There’s A Monster Under Your Bed

By

 

A recent episode of Doctor Who suggested that there’s a very real reason why we’re all afraid of the dark – that there might actually be something under our beds. This something has evolved to be the ideal “hider.” It exists alongside us, it affects our world. The Doctor suggests that this is the reason why we sometimes talk to ourselves when we’re alone – because on an instinctual level we know that there’s something there, something listening.

This is a perfect example of a myth that’s telling us the truth. There is a monster that’s under your bed. And it’s something hidden and scary and dangerous. But of course you know I’m not talking about your actual bed. I’m talking about your mind.

Underneath your thoughts and feelings and hopes and fears is something that lurks.
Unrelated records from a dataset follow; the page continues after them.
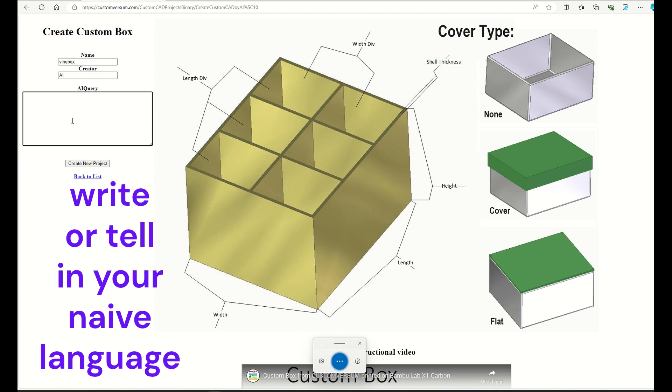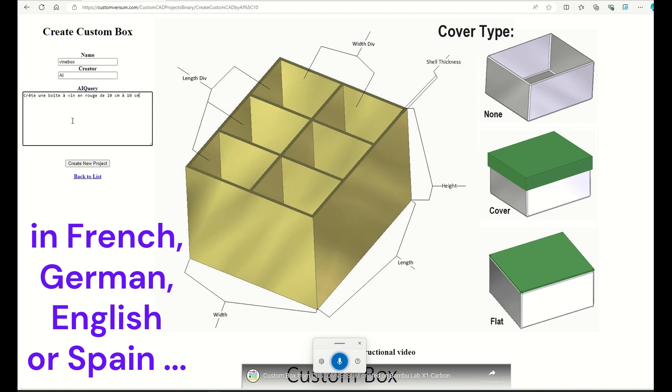Create a box of 10 cm by 10 cm, height of 30 cm with the cover at mid-height in white.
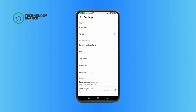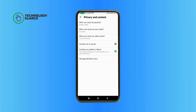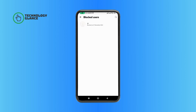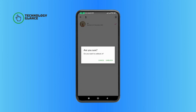Tap on Privacy and Content, which is under Account Settings. Select Manage Block Users. Then, select the person that you want to unblock. Tap on the Delete icon at the top right corner of your screen, and if you are sure, tap on Unblock.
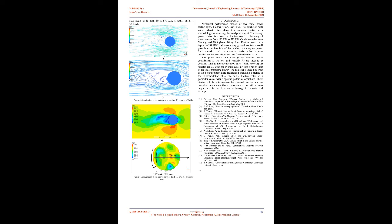The next steps needed in order to tap into this potential are highlighted, including modeling of the implementation of a kite and a Flettner rotor on a particular vessel with a specific pattern of operations. These studies will have to account for practical barriers and the complex integration of thrust contributions from both the main engine and the wind power technology to estimate fuel savings.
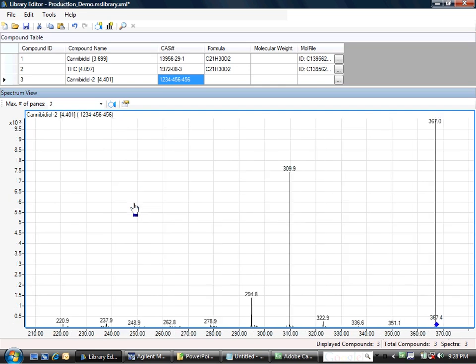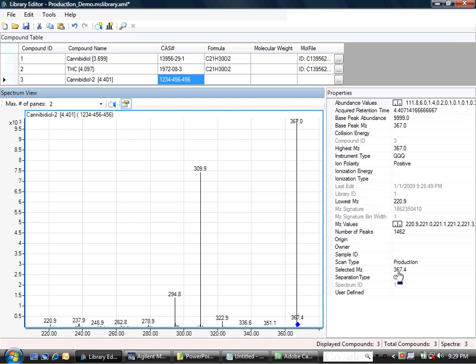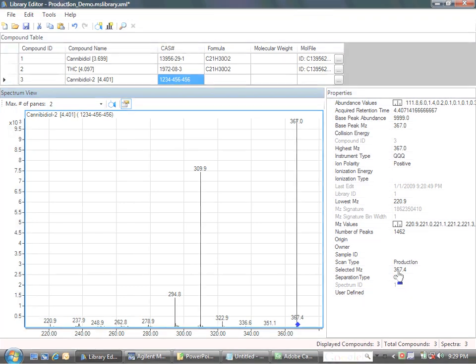Now notice this is a product ion spectrum. There's the precursor ion. I can check that by going over to the properties, and you'll see here that the selected M over Z, which is the precursor ion, is denoted as 367.4, which is the same as what's coming from the spectral quant description. So that gives you an idea of how you can create your own custom libraries from your data acquisition, taking the spectra and creating a spectral custom library. Thank you for your attention.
If you’ve suffered from serious emotional trauma, or from addiction, or have spent some time investigating your own issues, you might have some idea of what I’m talking about. You might not think of it as a monster – it might be a place like a dark room or a black hole where you’ll lose yourself – either way, it’s something dark and scary and powerful.

If none of this makes sense to you, then you’re one of the lucky ones who has never had to face the pain that’s deep, deep down inside you. In some ways that’s a good thing, if pain is something you have to avoid, but in others it can be harmful because that monster might be controlling you without you knowing it.
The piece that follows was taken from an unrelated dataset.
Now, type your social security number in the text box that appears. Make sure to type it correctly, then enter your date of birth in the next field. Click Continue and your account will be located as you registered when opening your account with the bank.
This monster is the embodiment of your true fears. The ones that lie underneath those superficial ones you deal with regularly, like a fear of getting hurt or commitment or letting go or taking risks, or your propensity for violence. The actual monster sits deeper. It’s the devil, not the demons. It might be that you’re unlovable or not special or that you’ll be abandoned or that the black hole of insanity will consume you.

If you’ve spied the devil or sat in that black hole, I’m here to tell you: you’re not imagining it. This thing/place has been represented in stories since the beginning of story-telling, all over the world. It’s a dragon, it’s Medusa, it’s Dracula, it’s a werewolf or Satan or Hell or Cthulhu.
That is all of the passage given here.